- [TASK PROMPT]: The lines to copy are those in the records below that hold the word "Used".

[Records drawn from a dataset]
________

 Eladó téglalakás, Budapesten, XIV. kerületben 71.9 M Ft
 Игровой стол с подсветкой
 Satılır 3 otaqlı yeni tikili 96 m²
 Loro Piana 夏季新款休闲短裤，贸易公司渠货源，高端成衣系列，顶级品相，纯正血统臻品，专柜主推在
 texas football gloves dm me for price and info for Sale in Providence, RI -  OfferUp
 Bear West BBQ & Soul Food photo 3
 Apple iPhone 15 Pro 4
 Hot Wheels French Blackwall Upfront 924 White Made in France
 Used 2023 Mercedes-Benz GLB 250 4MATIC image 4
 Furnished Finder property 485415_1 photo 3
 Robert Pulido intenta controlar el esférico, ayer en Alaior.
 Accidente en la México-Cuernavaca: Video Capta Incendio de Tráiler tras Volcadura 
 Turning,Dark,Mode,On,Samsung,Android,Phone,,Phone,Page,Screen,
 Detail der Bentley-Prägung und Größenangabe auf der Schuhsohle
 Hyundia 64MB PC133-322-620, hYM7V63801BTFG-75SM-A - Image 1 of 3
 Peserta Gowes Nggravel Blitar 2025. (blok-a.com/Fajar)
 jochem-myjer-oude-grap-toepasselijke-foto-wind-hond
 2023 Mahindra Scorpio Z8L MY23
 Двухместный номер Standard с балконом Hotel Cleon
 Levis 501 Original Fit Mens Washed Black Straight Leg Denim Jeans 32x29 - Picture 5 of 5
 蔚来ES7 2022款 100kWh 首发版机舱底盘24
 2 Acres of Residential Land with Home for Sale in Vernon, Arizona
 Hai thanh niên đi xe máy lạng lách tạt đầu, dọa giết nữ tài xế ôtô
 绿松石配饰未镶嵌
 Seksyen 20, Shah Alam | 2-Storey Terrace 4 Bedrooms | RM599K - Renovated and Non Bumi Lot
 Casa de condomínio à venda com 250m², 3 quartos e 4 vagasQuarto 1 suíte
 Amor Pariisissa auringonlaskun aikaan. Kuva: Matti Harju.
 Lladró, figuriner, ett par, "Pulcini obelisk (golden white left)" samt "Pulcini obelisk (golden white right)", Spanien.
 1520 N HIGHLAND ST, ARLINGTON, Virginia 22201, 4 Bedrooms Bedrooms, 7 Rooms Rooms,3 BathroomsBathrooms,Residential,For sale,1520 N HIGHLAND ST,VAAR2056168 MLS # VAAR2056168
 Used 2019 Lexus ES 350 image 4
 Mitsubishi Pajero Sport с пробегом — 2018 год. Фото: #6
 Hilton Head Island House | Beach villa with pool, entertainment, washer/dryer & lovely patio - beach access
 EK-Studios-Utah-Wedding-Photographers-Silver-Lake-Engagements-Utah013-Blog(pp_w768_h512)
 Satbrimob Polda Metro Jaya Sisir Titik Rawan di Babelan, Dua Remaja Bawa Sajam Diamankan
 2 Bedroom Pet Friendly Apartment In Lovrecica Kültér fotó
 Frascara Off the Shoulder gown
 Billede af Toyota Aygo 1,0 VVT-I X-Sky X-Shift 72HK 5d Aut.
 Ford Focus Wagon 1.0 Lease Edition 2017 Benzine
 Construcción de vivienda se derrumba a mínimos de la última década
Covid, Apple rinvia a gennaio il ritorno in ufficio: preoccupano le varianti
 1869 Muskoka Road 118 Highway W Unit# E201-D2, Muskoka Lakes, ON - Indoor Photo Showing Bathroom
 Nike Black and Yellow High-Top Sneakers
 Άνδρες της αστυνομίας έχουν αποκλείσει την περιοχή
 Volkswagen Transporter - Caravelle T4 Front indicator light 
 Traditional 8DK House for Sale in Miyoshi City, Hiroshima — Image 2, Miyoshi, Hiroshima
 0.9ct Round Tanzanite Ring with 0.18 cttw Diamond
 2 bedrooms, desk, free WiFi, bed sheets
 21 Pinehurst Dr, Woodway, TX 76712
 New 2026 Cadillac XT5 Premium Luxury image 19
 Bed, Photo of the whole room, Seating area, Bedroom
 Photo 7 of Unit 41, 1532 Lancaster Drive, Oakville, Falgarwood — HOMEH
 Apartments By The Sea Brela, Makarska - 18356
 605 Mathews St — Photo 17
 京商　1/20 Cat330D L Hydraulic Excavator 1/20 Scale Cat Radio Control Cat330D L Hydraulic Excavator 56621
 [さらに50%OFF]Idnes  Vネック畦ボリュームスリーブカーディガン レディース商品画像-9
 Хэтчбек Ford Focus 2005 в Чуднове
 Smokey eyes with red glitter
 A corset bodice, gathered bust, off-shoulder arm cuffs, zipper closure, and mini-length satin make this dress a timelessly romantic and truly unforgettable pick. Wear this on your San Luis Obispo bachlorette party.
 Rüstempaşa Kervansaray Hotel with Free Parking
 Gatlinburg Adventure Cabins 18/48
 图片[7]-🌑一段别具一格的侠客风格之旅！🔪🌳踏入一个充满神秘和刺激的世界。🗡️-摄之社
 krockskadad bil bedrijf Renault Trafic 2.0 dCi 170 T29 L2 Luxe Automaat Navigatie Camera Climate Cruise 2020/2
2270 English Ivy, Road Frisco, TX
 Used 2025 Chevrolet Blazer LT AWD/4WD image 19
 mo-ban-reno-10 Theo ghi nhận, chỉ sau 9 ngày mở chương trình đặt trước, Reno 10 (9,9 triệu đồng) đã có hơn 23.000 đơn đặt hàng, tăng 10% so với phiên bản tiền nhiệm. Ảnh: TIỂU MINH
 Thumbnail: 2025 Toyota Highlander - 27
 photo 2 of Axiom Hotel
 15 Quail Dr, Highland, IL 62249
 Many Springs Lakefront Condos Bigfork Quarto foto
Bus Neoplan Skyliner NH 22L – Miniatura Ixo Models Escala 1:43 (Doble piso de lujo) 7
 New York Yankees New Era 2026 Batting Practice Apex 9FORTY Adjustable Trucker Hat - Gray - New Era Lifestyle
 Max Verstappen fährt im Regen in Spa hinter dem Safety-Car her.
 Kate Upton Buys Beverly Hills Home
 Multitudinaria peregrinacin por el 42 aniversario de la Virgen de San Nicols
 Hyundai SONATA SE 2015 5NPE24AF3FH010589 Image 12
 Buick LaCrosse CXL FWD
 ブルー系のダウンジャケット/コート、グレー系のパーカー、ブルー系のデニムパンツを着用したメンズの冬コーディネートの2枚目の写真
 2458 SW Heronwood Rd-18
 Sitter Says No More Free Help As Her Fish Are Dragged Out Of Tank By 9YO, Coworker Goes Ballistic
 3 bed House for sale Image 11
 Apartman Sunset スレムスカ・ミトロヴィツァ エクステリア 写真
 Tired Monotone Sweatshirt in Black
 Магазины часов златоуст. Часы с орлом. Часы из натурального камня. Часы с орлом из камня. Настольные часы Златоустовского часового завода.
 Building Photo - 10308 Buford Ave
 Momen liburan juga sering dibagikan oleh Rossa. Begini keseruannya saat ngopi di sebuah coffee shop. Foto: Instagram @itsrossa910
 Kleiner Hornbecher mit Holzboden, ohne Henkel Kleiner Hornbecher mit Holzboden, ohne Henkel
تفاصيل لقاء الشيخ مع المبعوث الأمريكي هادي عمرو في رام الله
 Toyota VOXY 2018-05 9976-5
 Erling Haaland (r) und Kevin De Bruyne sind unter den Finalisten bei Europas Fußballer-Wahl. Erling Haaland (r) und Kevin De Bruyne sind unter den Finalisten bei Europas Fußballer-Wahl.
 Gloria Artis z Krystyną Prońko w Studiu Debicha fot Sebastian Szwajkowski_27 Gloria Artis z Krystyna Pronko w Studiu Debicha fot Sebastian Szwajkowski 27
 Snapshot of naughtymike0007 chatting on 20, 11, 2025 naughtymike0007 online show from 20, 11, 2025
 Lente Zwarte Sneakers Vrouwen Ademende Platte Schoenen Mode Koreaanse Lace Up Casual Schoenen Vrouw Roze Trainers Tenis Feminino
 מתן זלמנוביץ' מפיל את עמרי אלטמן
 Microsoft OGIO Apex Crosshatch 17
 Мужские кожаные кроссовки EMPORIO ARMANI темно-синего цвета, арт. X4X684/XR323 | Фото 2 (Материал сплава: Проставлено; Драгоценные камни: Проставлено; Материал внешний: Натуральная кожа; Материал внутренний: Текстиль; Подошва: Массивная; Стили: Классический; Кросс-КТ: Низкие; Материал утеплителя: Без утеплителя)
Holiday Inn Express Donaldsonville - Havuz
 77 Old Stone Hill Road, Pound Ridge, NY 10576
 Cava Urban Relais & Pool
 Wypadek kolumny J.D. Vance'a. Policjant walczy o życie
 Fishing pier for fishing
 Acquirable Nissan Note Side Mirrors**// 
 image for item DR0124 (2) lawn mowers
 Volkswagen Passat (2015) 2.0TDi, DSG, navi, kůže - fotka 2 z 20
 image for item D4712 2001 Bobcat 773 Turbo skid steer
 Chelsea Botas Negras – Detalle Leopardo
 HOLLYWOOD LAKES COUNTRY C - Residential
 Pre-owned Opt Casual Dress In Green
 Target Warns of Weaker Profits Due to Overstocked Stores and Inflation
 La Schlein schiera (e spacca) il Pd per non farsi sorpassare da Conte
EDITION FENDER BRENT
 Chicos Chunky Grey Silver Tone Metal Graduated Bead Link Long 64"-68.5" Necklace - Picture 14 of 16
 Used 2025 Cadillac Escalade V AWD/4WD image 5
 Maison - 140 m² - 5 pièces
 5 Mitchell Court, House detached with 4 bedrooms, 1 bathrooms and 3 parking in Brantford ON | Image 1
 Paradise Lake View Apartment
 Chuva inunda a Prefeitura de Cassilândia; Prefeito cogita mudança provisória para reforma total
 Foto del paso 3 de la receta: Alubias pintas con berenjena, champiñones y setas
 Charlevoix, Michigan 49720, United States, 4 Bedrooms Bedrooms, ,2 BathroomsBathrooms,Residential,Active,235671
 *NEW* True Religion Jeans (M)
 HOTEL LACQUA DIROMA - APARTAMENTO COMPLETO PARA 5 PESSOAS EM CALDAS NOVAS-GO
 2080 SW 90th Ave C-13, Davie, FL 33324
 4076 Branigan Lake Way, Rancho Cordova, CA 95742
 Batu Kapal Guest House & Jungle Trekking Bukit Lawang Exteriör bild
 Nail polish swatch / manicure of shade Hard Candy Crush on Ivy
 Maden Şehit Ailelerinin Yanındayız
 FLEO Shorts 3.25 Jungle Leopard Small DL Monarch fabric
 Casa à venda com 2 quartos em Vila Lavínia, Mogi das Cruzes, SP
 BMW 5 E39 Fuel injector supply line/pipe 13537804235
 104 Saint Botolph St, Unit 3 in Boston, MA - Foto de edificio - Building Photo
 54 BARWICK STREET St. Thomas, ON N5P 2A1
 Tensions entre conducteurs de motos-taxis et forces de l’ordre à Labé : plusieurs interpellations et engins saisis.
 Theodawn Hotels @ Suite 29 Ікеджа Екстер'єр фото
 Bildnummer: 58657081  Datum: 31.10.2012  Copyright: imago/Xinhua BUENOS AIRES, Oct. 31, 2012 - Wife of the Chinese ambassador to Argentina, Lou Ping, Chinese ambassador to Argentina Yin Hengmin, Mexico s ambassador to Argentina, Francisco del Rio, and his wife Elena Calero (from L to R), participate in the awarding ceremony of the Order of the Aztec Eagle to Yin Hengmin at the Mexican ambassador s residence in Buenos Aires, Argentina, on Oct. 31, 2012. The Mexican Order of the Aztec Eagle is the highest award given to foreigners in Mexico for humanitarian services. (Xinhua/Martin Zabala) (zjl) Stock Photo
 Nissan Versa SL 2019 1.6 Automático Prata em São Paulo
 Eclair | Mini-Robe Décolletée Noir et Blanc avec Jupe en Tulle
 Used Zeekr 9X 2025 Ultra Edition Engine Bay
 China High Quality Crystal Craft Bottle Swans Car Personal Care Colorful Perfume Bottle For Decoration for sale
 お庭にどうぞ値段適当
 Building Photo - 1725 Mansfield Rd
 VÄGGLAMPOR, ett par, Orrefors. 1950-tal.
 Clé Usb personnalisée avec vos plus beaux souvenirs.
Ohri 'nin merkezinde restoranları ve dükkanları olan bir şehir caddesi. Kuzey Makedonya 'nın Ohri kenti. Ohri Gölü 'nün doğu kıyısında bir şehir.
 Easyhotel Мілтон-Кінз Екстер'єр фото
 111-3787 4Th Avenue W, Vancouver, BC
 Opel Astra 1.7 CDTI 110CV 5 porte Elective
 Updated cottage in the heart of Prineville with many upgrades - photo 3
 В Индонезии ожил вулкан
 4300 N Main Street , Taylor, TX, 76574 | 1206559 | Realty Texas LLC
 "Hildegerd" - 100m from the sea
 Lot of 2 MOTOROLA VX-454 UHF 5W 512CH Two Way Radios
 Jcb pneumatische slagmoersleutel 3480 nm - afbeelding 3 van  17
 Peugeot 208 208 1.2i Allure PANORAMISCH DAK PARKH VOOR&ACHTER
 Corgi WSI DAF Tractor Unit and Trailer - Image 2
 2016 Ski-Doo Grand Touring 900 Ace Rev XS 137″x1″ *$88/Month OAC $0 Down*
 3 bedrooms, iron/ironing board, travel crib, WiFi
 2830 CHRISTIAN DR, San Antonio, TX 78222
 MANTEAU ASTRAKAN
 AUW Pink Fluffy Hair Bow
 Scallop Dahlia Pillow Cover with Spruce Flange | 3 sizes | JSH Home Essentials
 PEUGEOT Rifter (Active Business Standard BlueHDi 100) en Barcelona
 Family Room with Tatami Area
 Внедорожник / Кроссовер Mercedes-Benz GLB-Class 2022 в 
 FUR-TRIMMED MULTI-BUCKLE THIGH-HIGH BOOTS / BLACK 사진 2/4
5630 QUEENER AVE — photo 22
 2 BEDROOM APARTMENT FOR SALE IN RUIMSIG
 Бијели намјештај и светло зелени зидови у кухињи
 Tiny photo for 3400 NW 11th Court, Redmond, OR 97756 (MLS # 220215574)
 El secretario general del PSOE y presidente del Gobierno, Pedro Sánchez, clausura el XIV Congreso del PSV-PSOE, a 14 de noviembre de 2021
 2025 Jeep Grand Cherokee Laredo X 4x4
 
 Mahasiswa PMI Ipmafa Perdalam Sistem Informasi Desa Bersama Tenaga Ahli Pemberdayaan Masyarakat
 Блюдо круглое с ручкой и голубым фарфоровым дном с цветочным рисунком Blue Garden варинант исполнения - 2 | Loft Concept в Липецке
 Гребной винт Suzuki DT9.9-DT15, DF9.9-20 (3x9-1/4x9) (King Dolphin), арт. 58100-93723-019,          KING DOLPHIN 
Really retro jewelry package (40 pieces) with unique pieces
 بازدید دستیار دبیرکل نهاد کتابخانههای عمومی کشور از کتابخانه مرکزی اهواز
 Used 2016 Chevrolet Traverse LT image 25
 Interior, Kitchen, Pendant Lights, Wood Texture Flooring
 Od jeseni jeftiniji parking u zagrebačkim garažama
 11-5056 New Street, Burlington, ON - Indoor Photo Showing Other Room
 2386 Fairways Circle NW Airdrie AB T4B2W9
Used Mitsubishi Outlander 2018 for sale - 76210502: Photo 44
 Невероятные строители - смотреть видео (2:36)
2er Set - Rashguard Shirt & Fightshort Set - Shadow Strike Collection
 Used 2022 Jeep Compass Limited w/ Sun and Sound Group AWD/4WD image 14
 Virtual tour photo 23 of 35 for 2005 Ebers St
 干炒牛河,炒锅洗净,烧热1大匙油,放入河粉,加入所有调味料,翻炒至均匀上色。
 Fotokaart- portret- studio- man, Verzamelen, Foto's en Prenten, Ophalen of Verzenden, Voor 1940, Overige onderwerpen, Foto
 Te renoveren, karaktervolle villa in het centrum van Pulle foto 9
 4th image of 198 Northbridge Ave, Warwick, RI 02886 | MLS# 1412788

________

- [RESPONSE AREA]:
 Used 2023 Mercedes-Benz GLB 250 4MATIC image 4
 Used 2019 Lexus ES 350 image 4
 Used 2025 Chevrolet Blazer LT AWD/4WD image 19
 Used 2025 Cadillac Escalade V AWD/4WD image 5
 Used Zeekr 9X 2025 Ultra Edition Engine Bay
 Used 2016 Chevrolet Traverse LT image 25
Used Mitsubishi Outlander 2018 for sale - 76210502: Photo 44
 Used 2022 Jeep Compass Limited w/ Sun and Sound Group AWD/4WD image 14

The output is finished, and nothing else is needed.